---------- MATERIAL PROVIDED
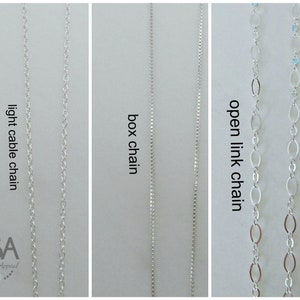 Peut inclure: Trois types de cha&icirc;nes en argent&nbsp;: cha&icirc;ne &agrave; c&acirc;ble l&eacute;ger, cha&icirc;ne &agrave; maillons carr&eacute;s et cha&icirc;ne &agrave; maillons ouverts. Les cha&icirc;nes sont affich&eacute;es verticalement sur un fond blanc.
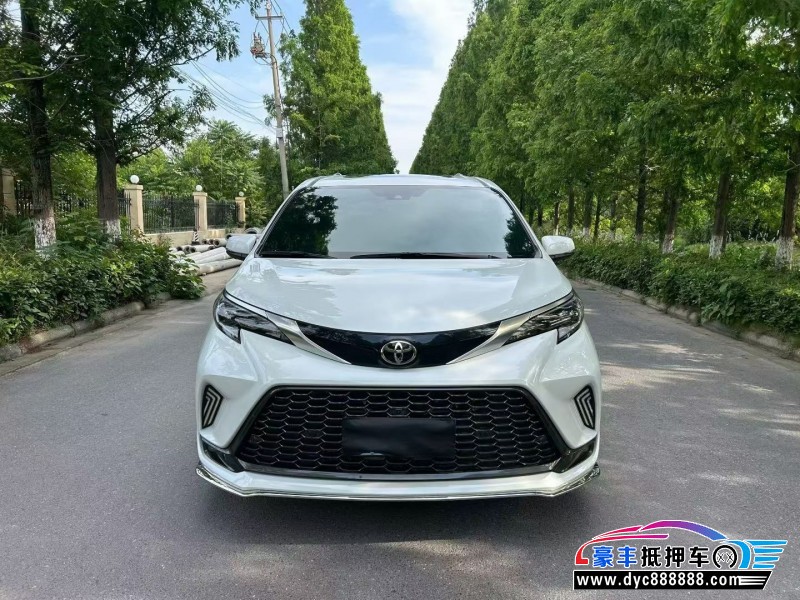 抵押车出售24年丰田格瑞维亚轿车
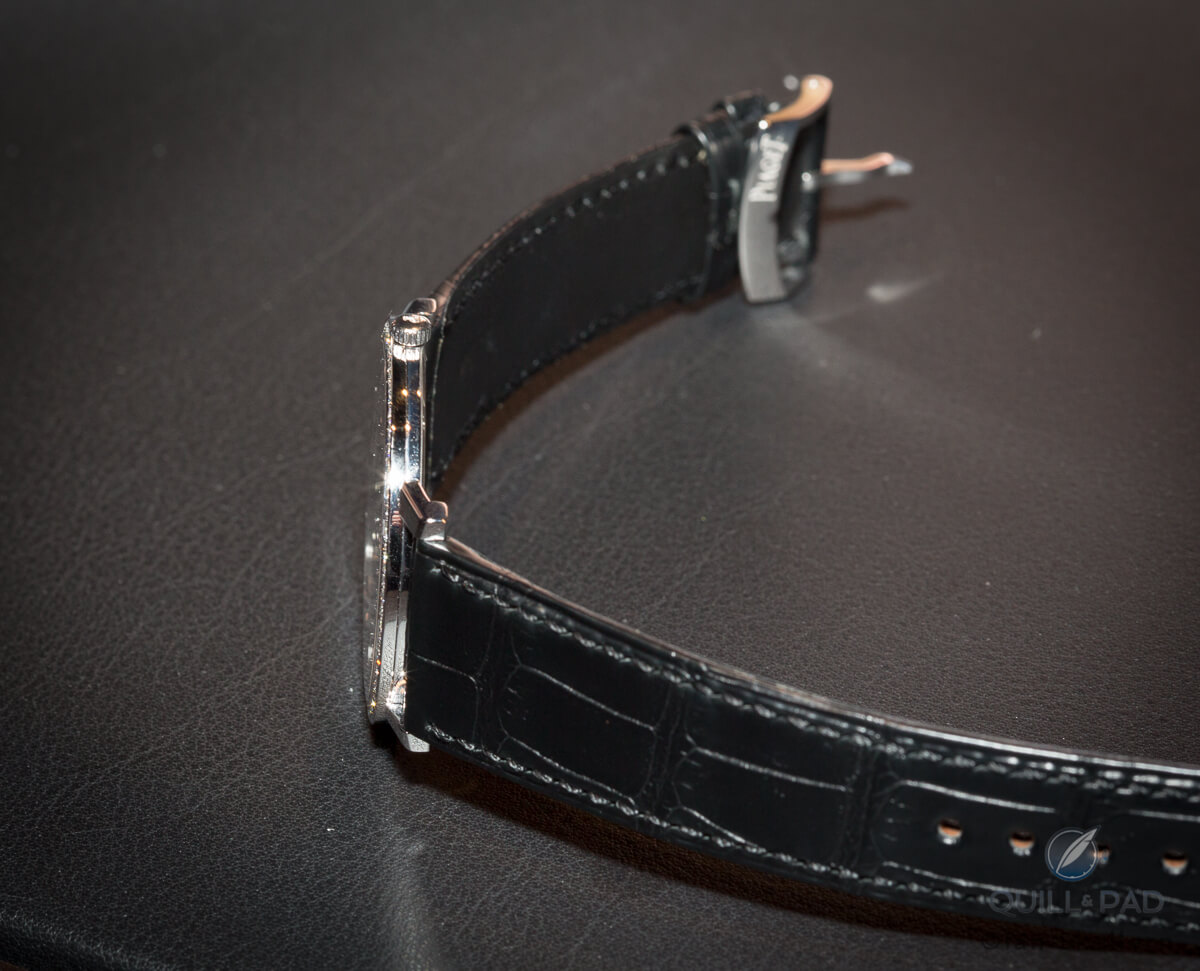 Piaget Altiplano side on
--------------------
● **TASK OBJECTIVE**
The required output is every line of the data above, set down exactly and stripped of pictures.

● **WRITTEN RESPONSE**
 Peut inclure: Trois types de cha&icirc;nes en argent&nbsp;: cha&icirc;ne &agrave; c&acirc;ble l&eacute;ger, cha&icirc;ne &agrave; maillons carr&eacute;s et cha&icirc;ne &agrave; maillons ouverts. Les cha&icirc;nes sont affich&eacute;es verticalement sur un fond blanc.
 抵押车出售24年丰田格瑞维亚轿车
 Piaget Altiplano side on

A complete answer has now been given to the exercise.